Java Tutorial

Using SAX

To process an XML document with SAX, you first have to establish contact with the parser that you want to use. The first step towards this is to create a SAXParserFactory object like this:

SAXParserFactory spf = SAXParserFactory.newInstance();

The SAXParserFactory class is defined in the javax.xml.parsers package along with the SAXParser class that encapsulates a parser. The SAXParserFactory class is abstract but the static newInstance() method will return a reference to an object of a class type that is a concrete implementation of SAXParserFactory. This will be the factory object for creating a particular parser object, normally the default parser that comes with the SDK. To use a different parser, you would need to obtain a reference to a factory object for that parser. We will see how you can arrange to do this a little later in this chapter.

The SAXParserFactory object has methods for determining whether the parser that it will attempt to create will be namespace aware, or will validate the XML as it is parsed:

isNamespaceAware()	Returns true if the parser to be created is namespace aware, and false otherwise.
isValidating()	Returns true if the parser to be created will validate the XML during parsing, and false otherwise.

You can set the factory object to produce namespace aware parsers by calling its setNamespaceAware() method with an argument value of true. An argument of false sets the factory object to produce parsers that are not namespace aware. A parser that is namespace aware recognizes the structure of names in a namespace – with a colon separating the namespace prefix from the name. A namespace aware parser will report the URI and local name separately for each element and attribute. A parser that is not namespace aware will only report an element or attribute name as a single name even when it contains a colon. In other words, a parser that is not namespace aware will treat a colon as just another character that is part of a name.

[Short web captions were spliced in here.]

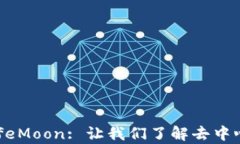 全面解析TP钱包与SafeMoon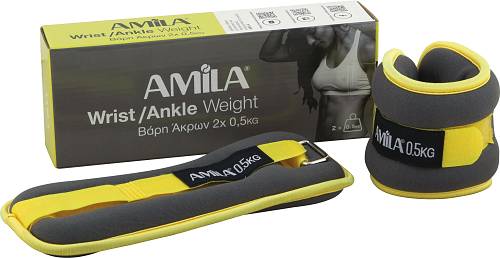 Βάρη Άκρων Neoprene 2x0,50Kg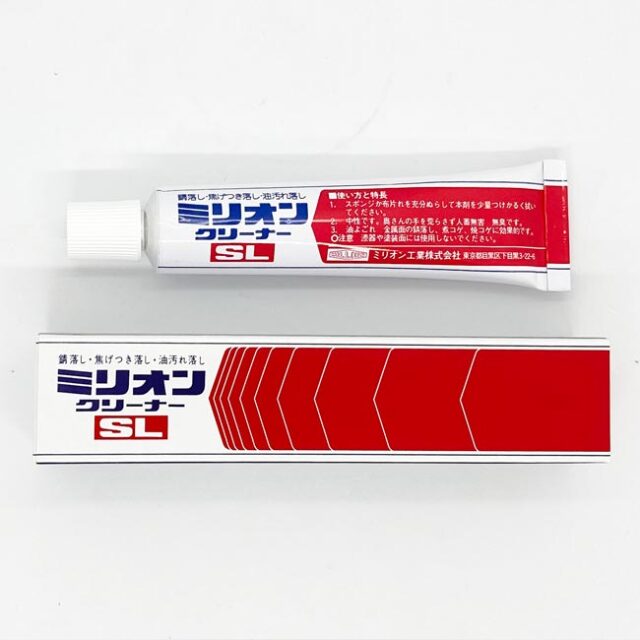 ミリオンクリーナー40g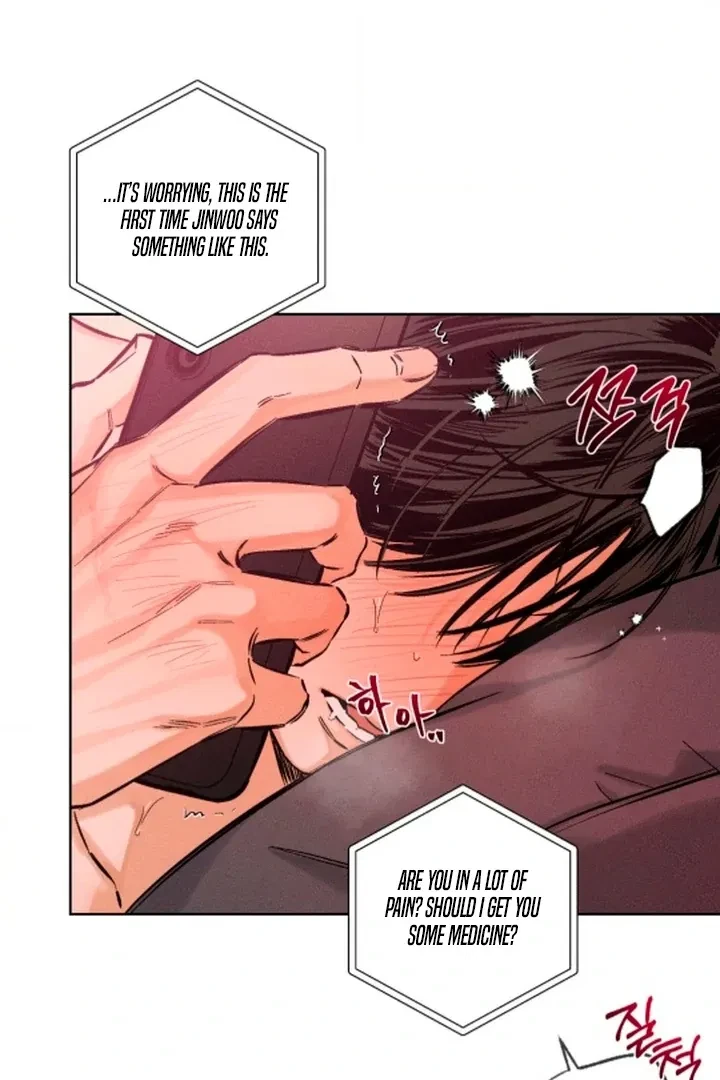 Chapter 21, page 66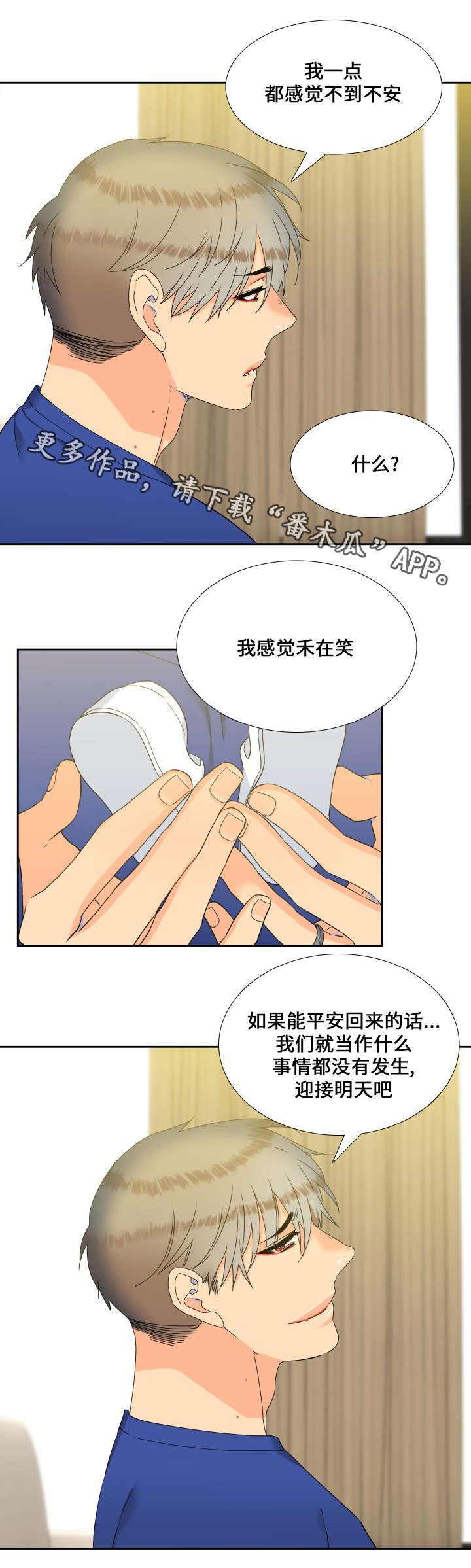 第108章：吃完就回去吧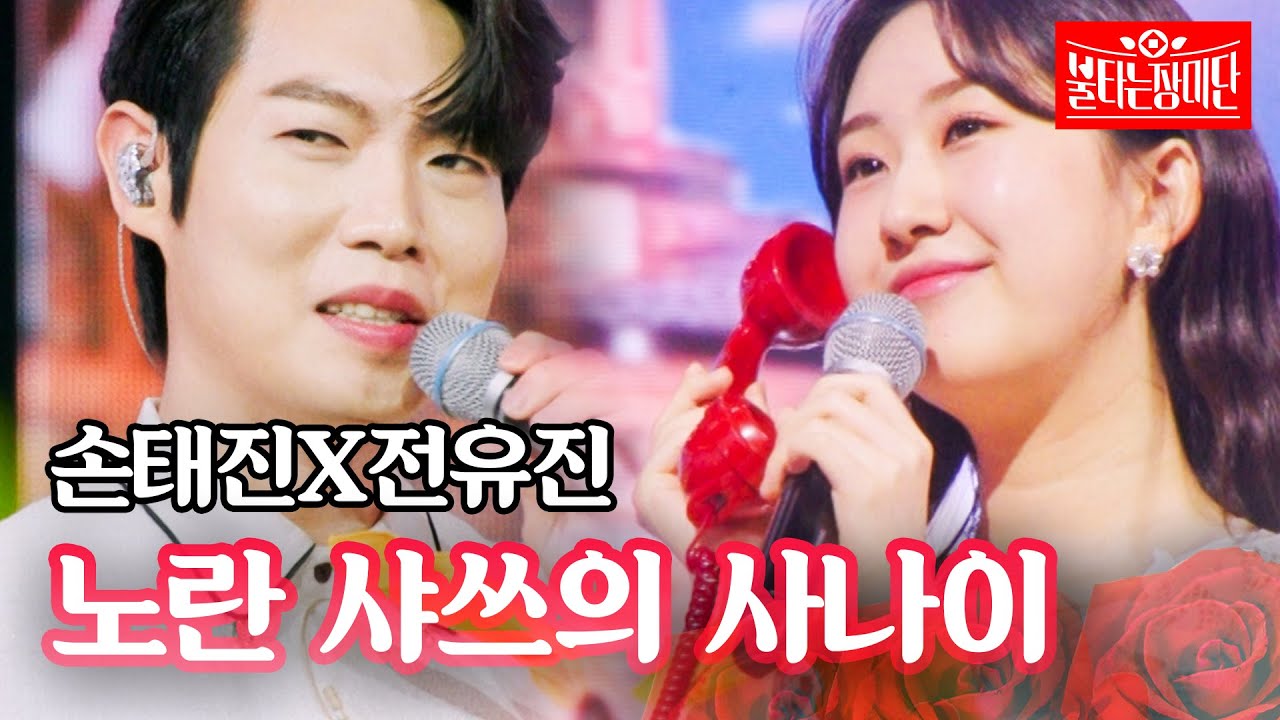 손태진X전유진 - 노란 샤쓰의 사나이｜불타는 장미단 57회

Similarly, calling the setValidating() method with an argument of true will cause the factory object to produce parsers that will validate the XML as a document is parsed. A validating parser will verify that the document body has a DTD and that the document content is consistent with the DTD and any internal subset that is included in the DOCTYPE declaration. Of course, if you configure the factory object to create a parser that is either namespace aware or validating, the parser you intend to use must include the capability, otherwise a request to create a parser will fail.

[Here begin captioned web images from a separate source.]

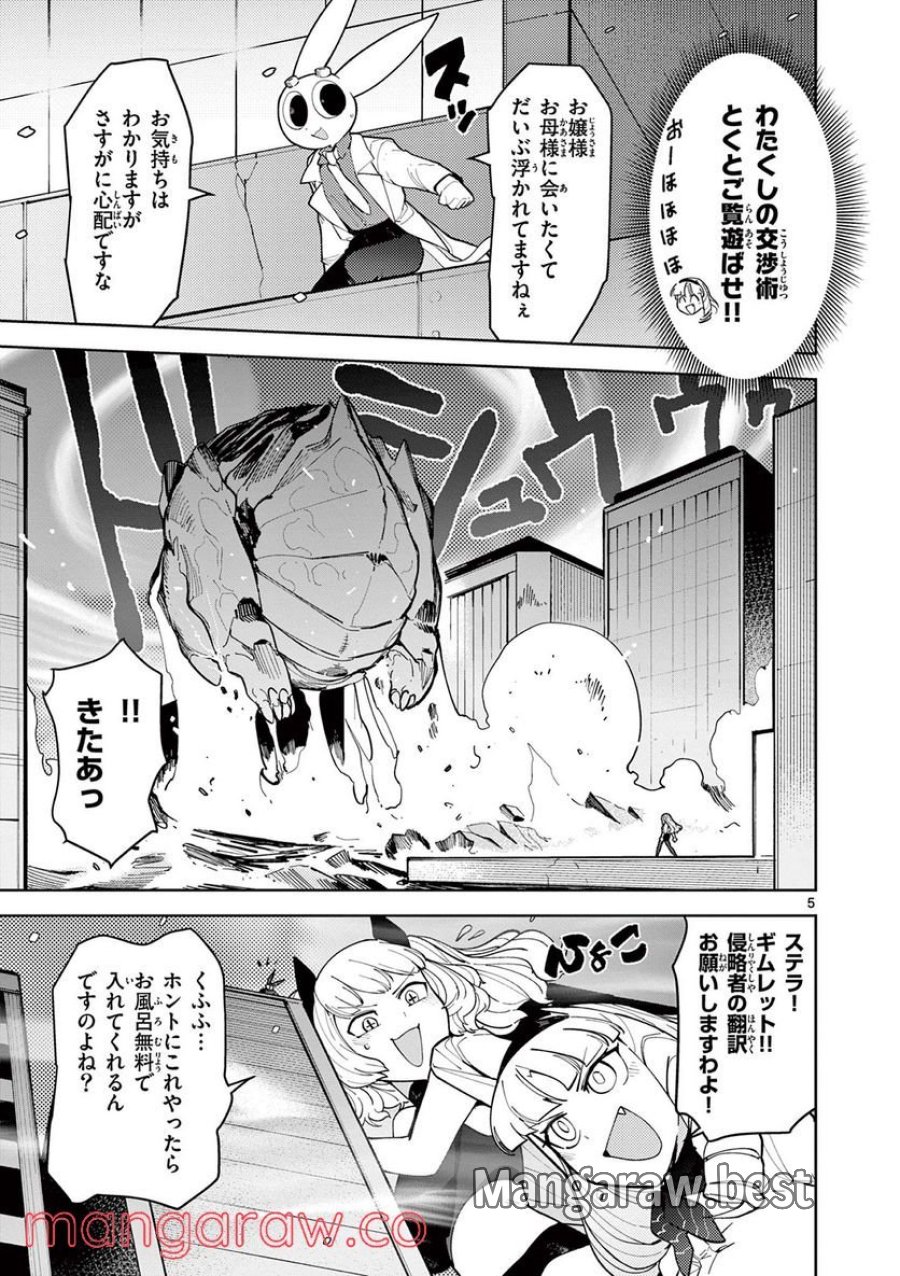 ジャイアントお嬢様 第28話 - Trang 5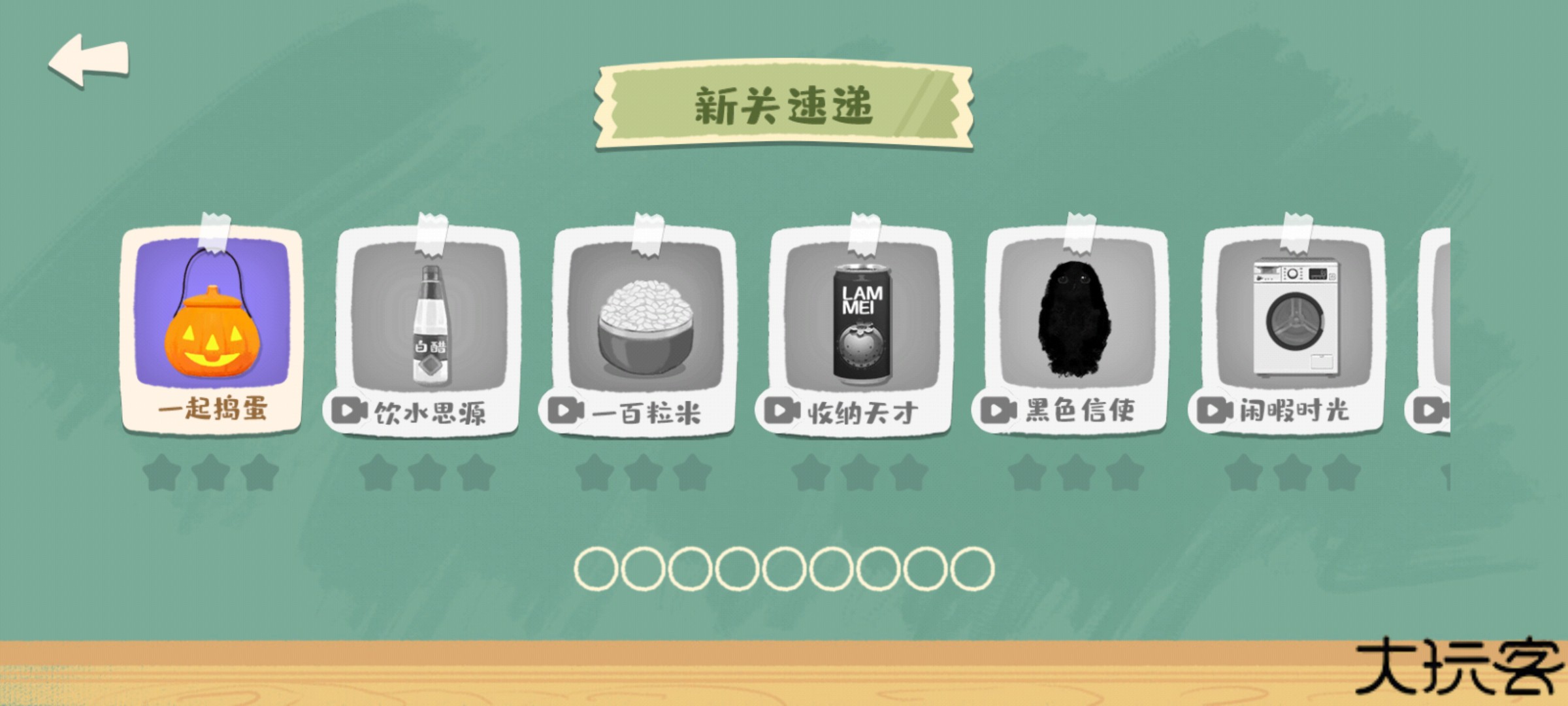 超级收纳馆安卓版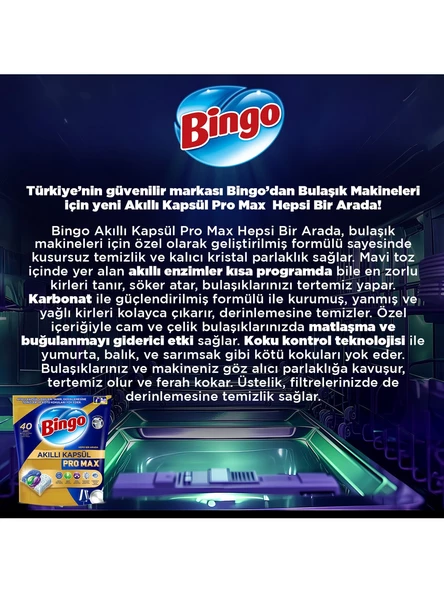 Bingo Akıllı Kapsül Pro Max Bulaşık Makinesi Deterjanı 40x5 200 Tablet - 4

We can now use our SAXParserFactory object to create a SAXParser object as follows:

SAXParser parser = null;
try {
 parser = spf.newSAXParser();
}catch(SAXException e){
  e.printStackTrace(System.err);
  System.exit(1);
} catch(ParserConfigurationException e) {
  e.printStackTrace(System.err);
  System.exit(1);
}

The SAXParser object that is created here will encapsulate the default parser. The newSAXParser() method for the factory object can throw the two exceptions we are catching here. A ParserConfigurationException will be thrown if a parser cannot be created consistent with the configuration determined by the SAXParserFactory object and a SAXException will be thrown if any other error occurs. For instance, if you call the setValidating() option and the parser does not have the capability for validating documents, this exception would be thrown. This should not arise with the parser supplied by default, though, since it supports both of these features.

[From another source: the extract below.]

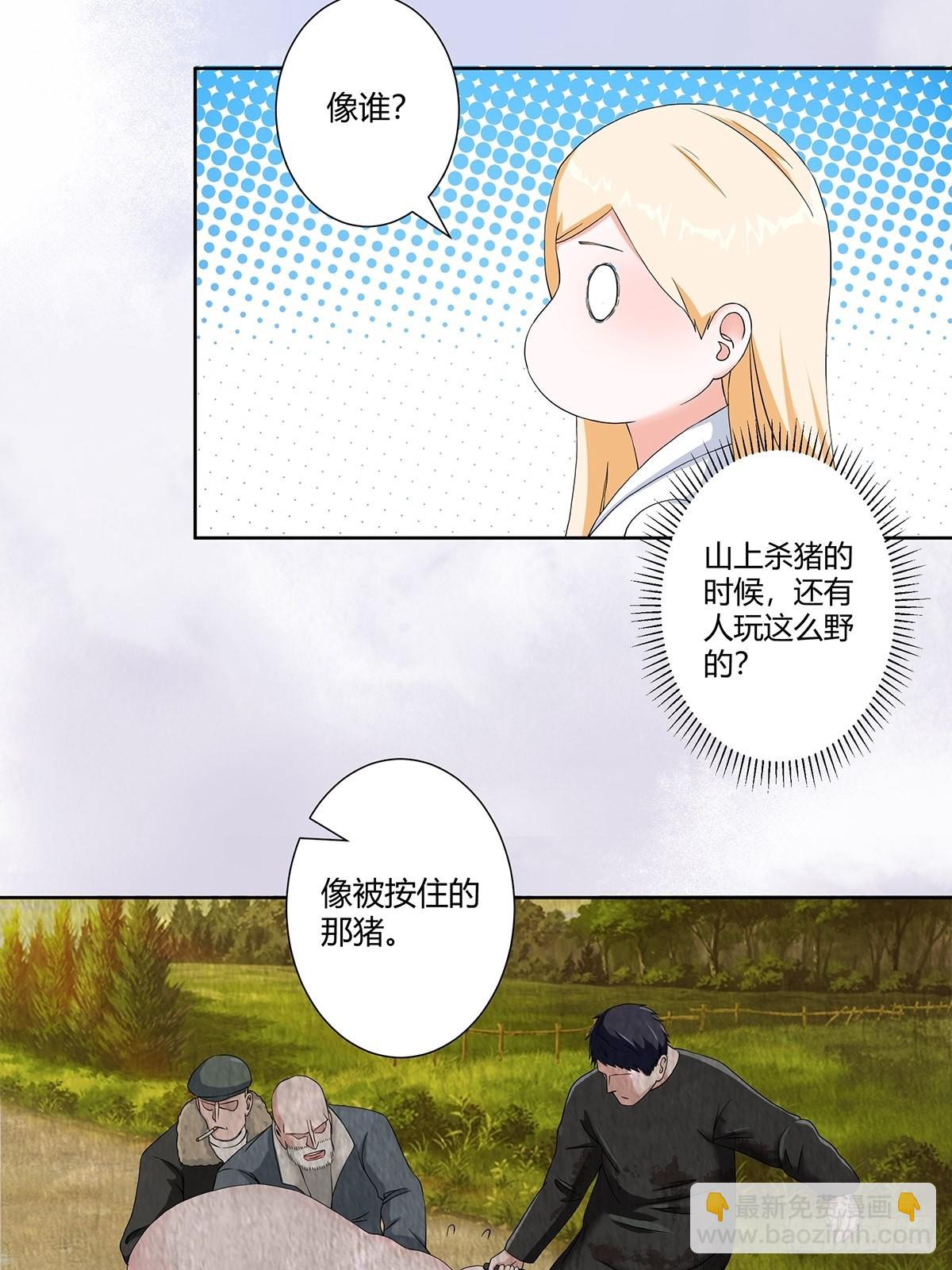 第56话 想知道什么是伤心吗？-第57话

The ParserConfigurationException class is defined in the javax.xml.parsers package, but the SAXException class is in the org.xml.sax package so we need a separate import statement for that. Now let's see what the default parser is by putting the code fragments we have looked at so far together in a working example.

Try It Out – Accessing a SAX Parser

Here's the code to create a SAXParser object and output some details about it to the command line:

import javax.xml.parsers.SAXParserFactory;
import javax.xml.parsers.SAXParser;
import javax.xml.parsers.ParserConfigurationException;
import org.xml.sax.SAXException;
public class TrySAX {
  public static void main(String args[]) {
    // Create factory object
    SAXParserFactory spf = SAXParserFactory.newInstance(); 
    System.out.println("Parser will "+(spf.isNamespaceAware()?"":"not ") + 
                       "be namespace aware");
    System.out.println("Parser will "+(spf.isValidating()?"":"not ") +
                       "validate XML");

    SAXParser parser = null;                          // Stores parser reference
    try {
     parser = spf.newSAXParser();                     // Create parser object
    }catch(ParserConfigurationException e){// Thrown if a parser cannot be created
                                           // that is consistent with the 
      e.printStackTrace(System.err);      // configuration in spf
      System.exit(1);    
    } catch(SAXException e) {             // Thrown for any other error
      e.printStackTrace(System.err);
      System.exit(1);    
    } 

    System.out.println("Parser object is: "+ parser);
  }
}

When I ran this I got the output:

Parser will not be namespace aware
Parser will not validate XML
Parser object is: org.apache.xerces.jaxp.SAXParserImpl@fd13b5

How It Works

The output shows that the default configuration for the SAX parser produced by our SAXParserFactory object, spf, will be neither namespace aware nor validating. The parser supplied with the SDK is one that was first developed by Sun and was subsequently donated to the XML Apache Project. It is referred to by the name Crimson. You can find information on the advantages and limitations of this particular SAX parser on the http://xml.apache.org web site.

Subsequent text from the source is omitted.